Corpo do artigo
Tive a honra de participar na Internacional Summit of Cities and Regions, realizada sob a égide do Conselho Europeu, na cidade de Kiev, na Ucrânia, que juntou líderes de governos locais da Europa, com o objetivo de reforçar os compromissos com a paz nas cidades e nas regiões ucranianas afetadas pela inaceitável invasão russa.
Face a uma invasão definida como instrumento de conquista e anexação de territórios, o papel da Europa não podia ser outro: apoiar a defesa dos agredidos contra os agressores, impedir o aniquilamento de um país e da sua integridade territorial. Mesmo que houvesse lugar a questionamento sobre eventuais acertos territoriais, isso sempre deveria ter acontecido à mesa da diplomacia e nunca com o troar das bombas.
Aqueles que criticam o apoio dado à Ucrânia para garantir a sua defesa, apenas demonstram o egoísmo dos seus interesses ideológicos e nacionais. Aqueles que acusam a Europa de participar na guerra, alimentando-a, apenas confundem instrumentalmente a defesa da soberania com a subjugação do direito internacional aos inaceitáveis interesses expansionistas dos russos.
O processo pode ter começado com os receios comodistas de 2014, quando se deu a invasão russa da Crimeia. Sem resposta dos líderes mundiais, desde Obama a Hollande, desde Merkel a Cameron, a Rússia entendeu existir margem para repetir a façanha expansionista, ao arrepio do direito internacional.
Junta-se a este contexto a nova bloquização do Mundo, assente numa nova Guerra Fria e em interesses muito concretos: o expansionismo económico chinês, definido na Rota da Seda, o saudosismo soviético das elites russas, o crescimento dos BRIC como força económica e monetária, tudo isto aliado às fragilidades europeias decorrentes das pressões demográficas, económicas, sociais e políticas.
Aliás, é esta Europa em plena crise que manifesta as suas dificuldades em lidar com as consequências da guerra às suas portas. É a Europa em crise que vê agudizar-se essa mesma crise por efeito desta guerra, vendo capitular sucessivamente as suas lideranças e promovendo a emergência dos extremismos e dos populismos.

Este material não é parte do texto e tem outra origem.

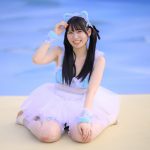 【写真特集 8枚】冨十みと（BOCCHI。）、レースのスカートから網タイツ美脚披露！＜近代麻雀水着祭2022＞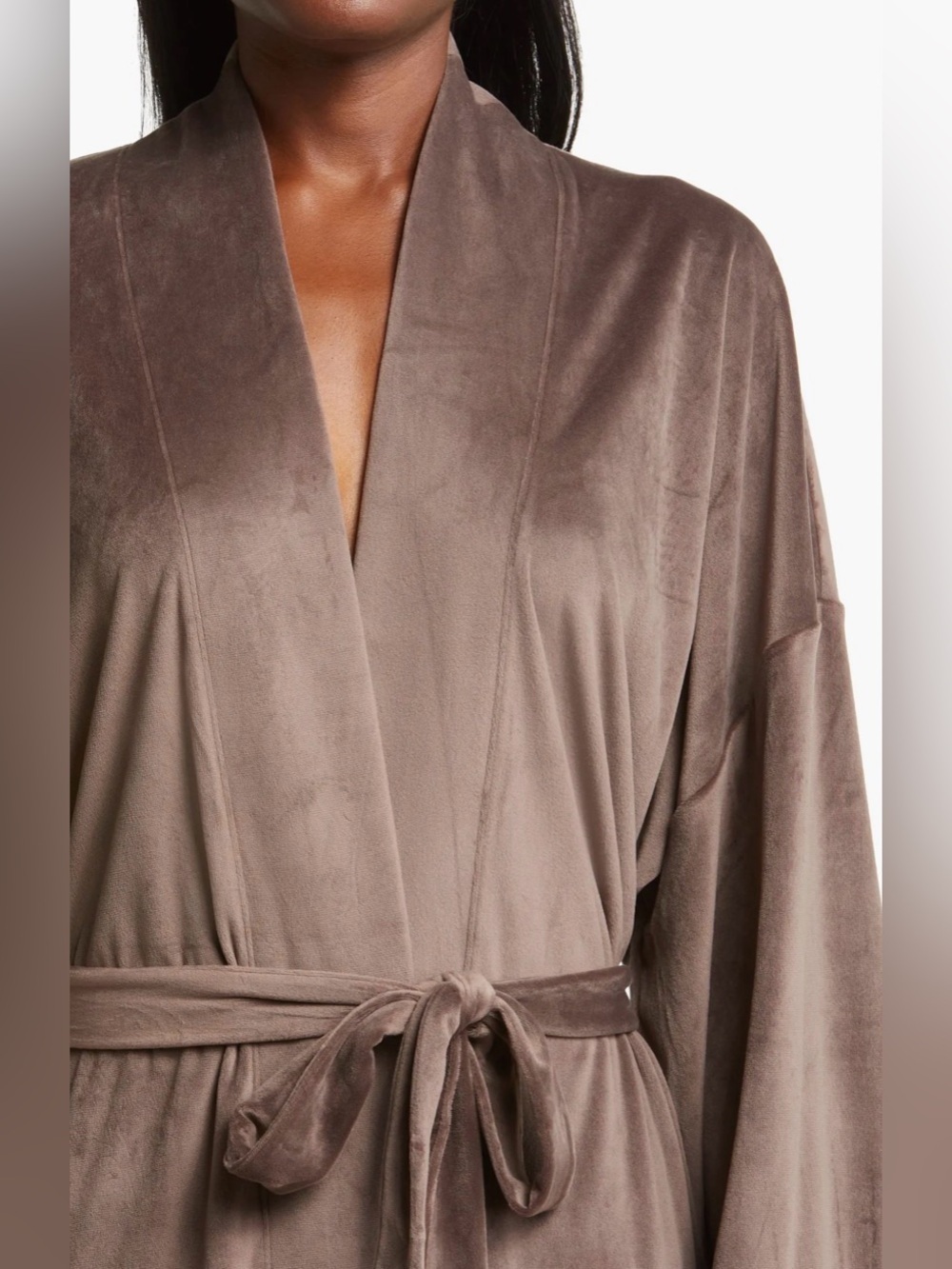 SKIMS Velour Wrap Robe Sienna Brown Size XL- NWOT - Picture 9 of 12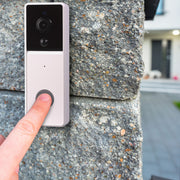 Laser Smart Full HD Video Doorbell White with Chime V1031-LSH-CAMDBWC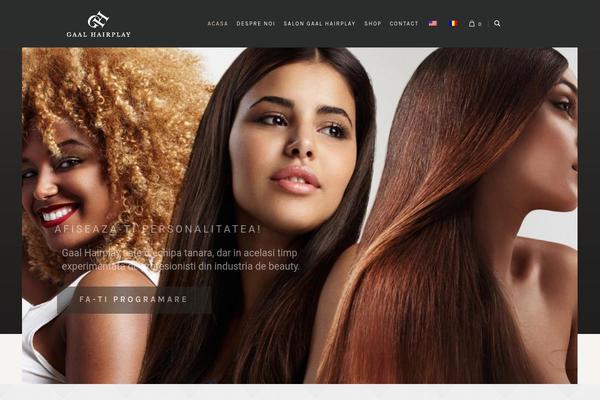 Luxury-spa theme site design template sample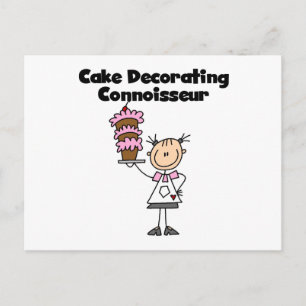 Female Cake Decorating Connoisseur Postcard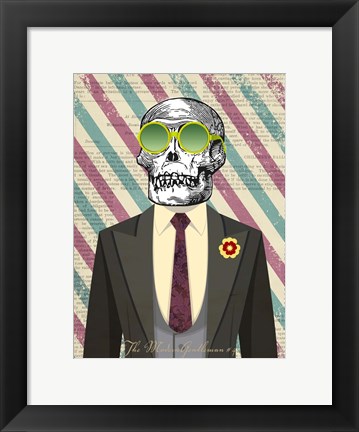 Framed Modern Gentleman #4 Print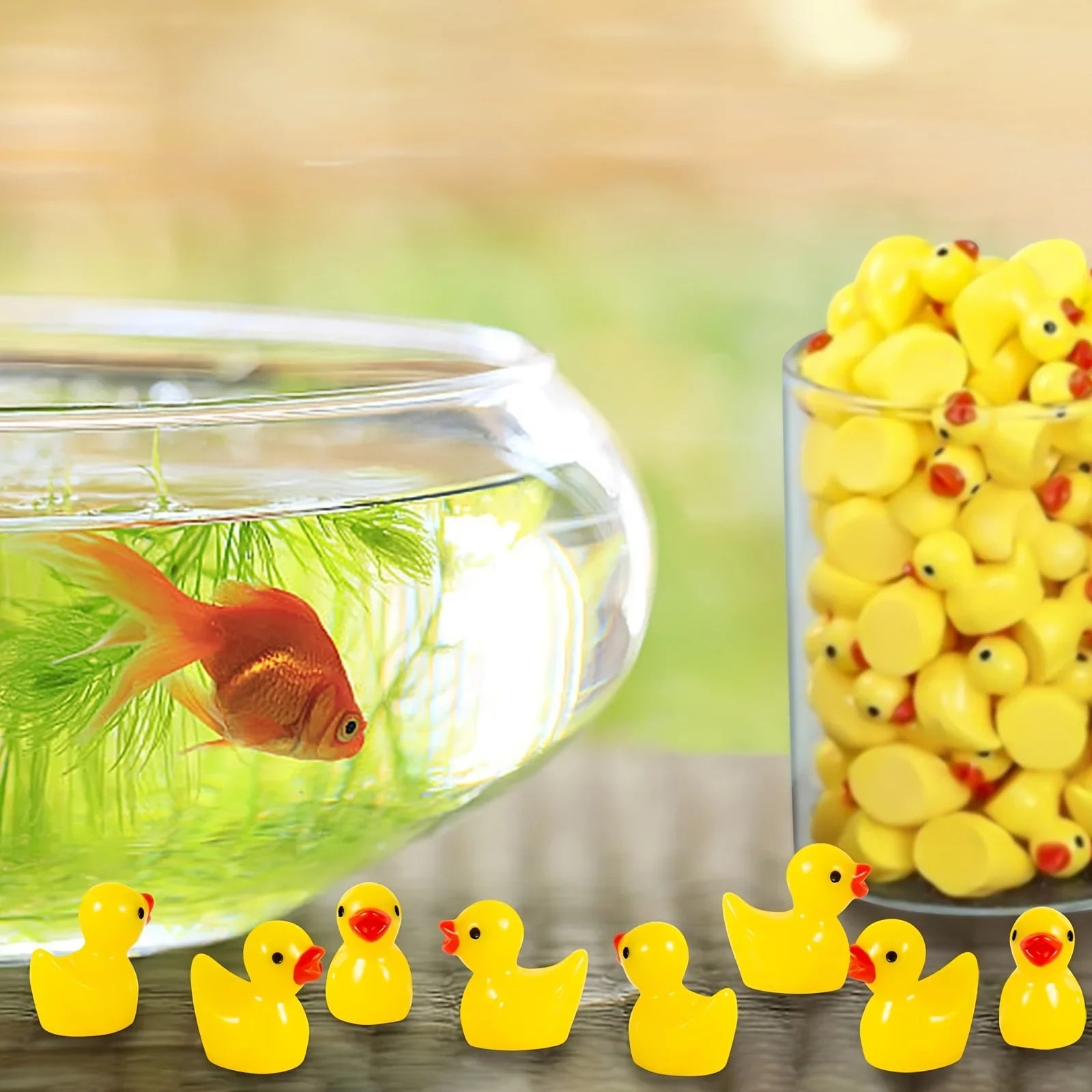 1000 Mini Resin Duck Figurines – Fairy Garden, Aquarium & Potted Plant Decor, DIY Dollhouse Accessories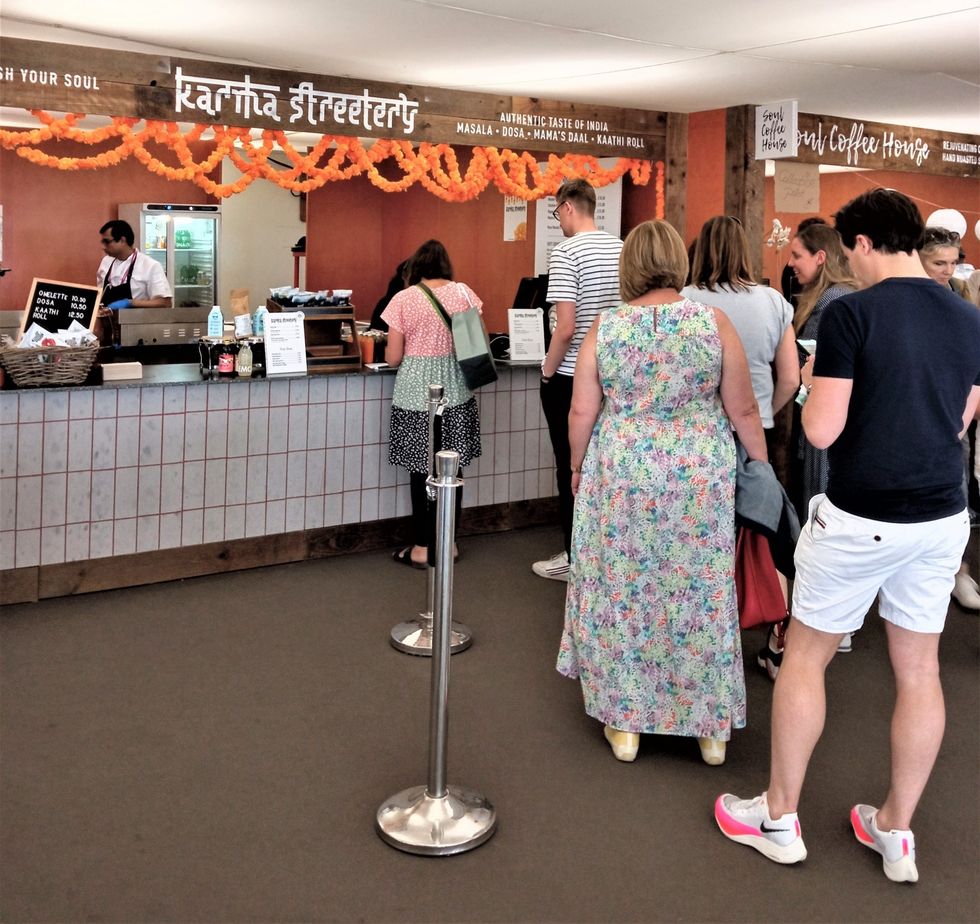 LEAD 1 Inset Chelsea Flower Show 2022 masala dosa corner my pic 28 May 2022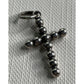 Vintage Sterling Silver Beaded Cross Charm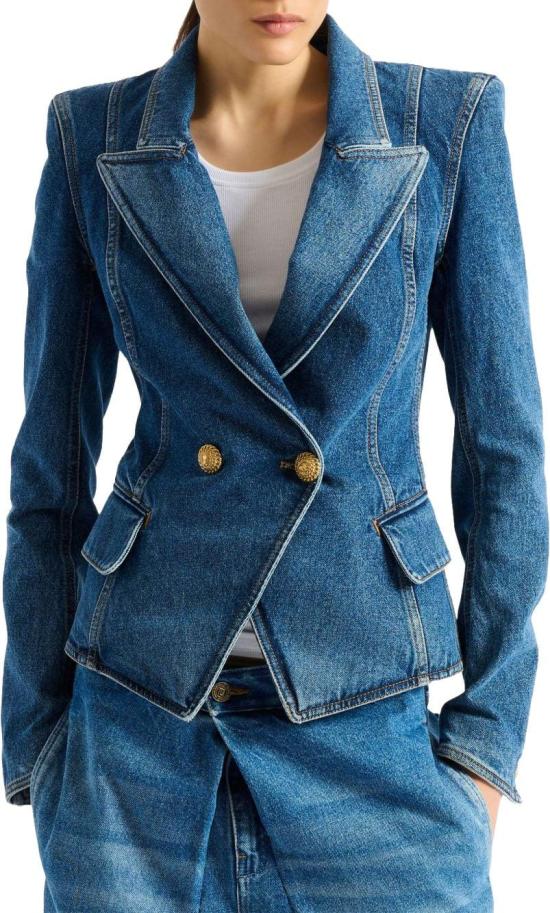 26FW 발망 의류 HF1SG221DG086EX BLUE - BALMAIN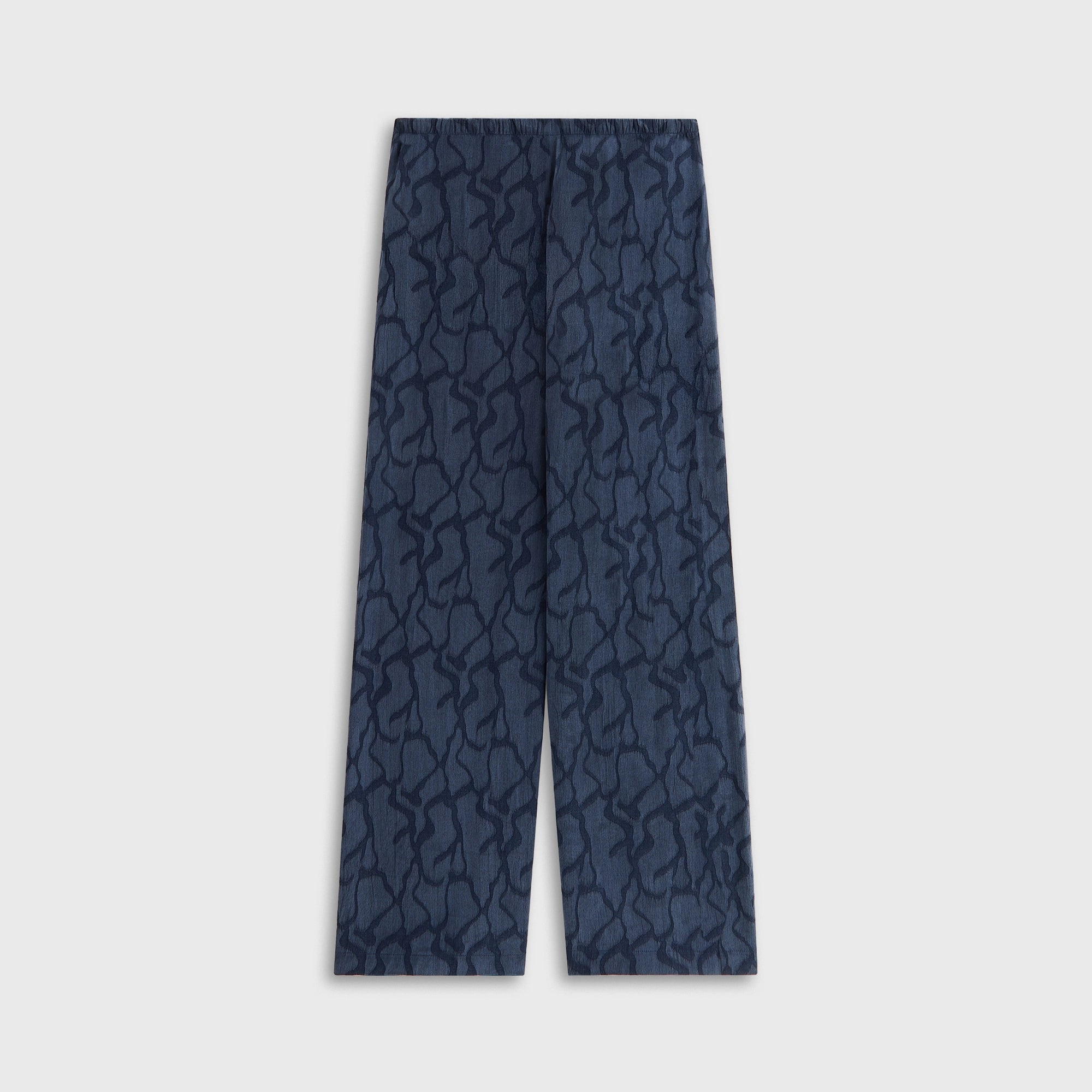 Kith Women Ida Wavy Jacquard Pant - Nocturnal Polyester fabric BreathableLining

A agressão militar russa pode não ter conseguido derrubar a liderança ucraniana, mas conseguirá progressivamente colocar em xeque as lideranças dos países europeus, desde logo por algum "cansaço da solidariedade". Não será diretamente a força das armas a derrubar governos; esses serão derrubados pelas consequências da guerra na vida das populações e a sua inevitável imputação aos governos nacionais.
Infelizmente, parece claro que os cidadãos europeus defenderão a liberdade e os direitos humanos até ao limite dos seus próprios níveis de vida.
Dito de outra forma, se é verdade que a primeira intenção russa se detinha no expansionismo territorial para a Ucrânia, a sua verdadeira consequência será mais alargada, estrutural e duradoura do que a própria guerra: o surgimento de uma abordagem política populista e radical na generalidade dos países da Europa, o reagrupamento de países emergentes numa nova ordem mundial, o estabelecimento de uma nova Guerra Fria, a instabilidade na Europa, enfim, novos desafios para a paz, para a democracia e para a vida dos povos.